02:09:10.000 But it wasn't until talking to people that have had experiences that it really burns in your head.
02:09:15.000 Because you can kind of get a sense that people are bullshit artists.
02:09:20.000 The Bob Lazar one's the most bizarre.
02:09:23.000 Bob Lazar is the gentleman that worked on Area S4, Site 4, Area 51. He worked back engineering with this thing that they said that they had recovered.
02:09:35.000 And they were trying to figure out how the propulsion system worked.
02:09:39.000 And they brought him on.
02:09:40.000 And they don't tell him what these things are.
02:09:43.000 It's like, hey, tell us how this works.
02:09:45.000 And he's in this thing that's designed for something that's three feet tall.
02:09:49.000 These completely smooth surfaces.
02:09:52.000 This metal that they don't understand.
02:09:55.000 Oh, really?
02:09:56.000 The metal?
02:09:56.000 The actual thing?
02:09:57.000 Just like in the movies.
02:09:58.000 We don't have any evidence of this ever existing as an element.
02:10:01.000 I don't know what the fuck it is.
02:10:02.000 There was different...
02:10:04.000 He said the problem with it is that science doesn't exist in a vacuum.

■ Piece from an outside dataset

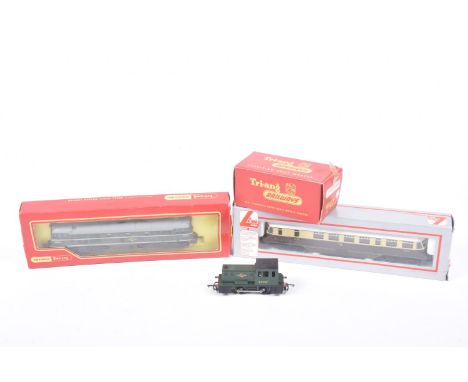 Three boxed '00' gauge diesel locomotivesComprising a Lima rail car no. 22 in brown and cream  GWR livery, Triang Hornby R357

02:10:09.000 You need a bunch of scientists comparing notes and trying to discuss it, but everything was top secret and classified, so they couldn't do that.

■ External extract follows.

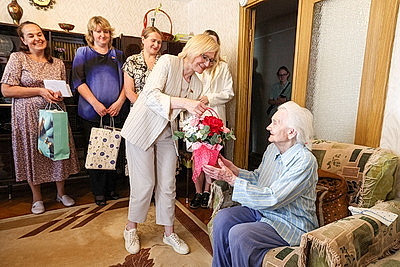 В Минске поздравили с 100-летием свидетеля ВОВ Тамару Юрлову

02:10:16.000 So they brought in people who were the metallurgy people, and they were not allowed to communicate with the people that were the propulsion experts.
02:10:23.000 They were not allowed to communicate with people who supposedly had some sort of contact with the biological entities.
02:10:32.000 And then there's this amazing documentary that was just released recently called Moment of Contact about Varginha, Brazil.
02:10:39.000 In 1996, there was a crash.
02:10:41.000 And not only was it a crash, but there's a crash in these bodies.
02:10:45.000 One of them was alive and injured.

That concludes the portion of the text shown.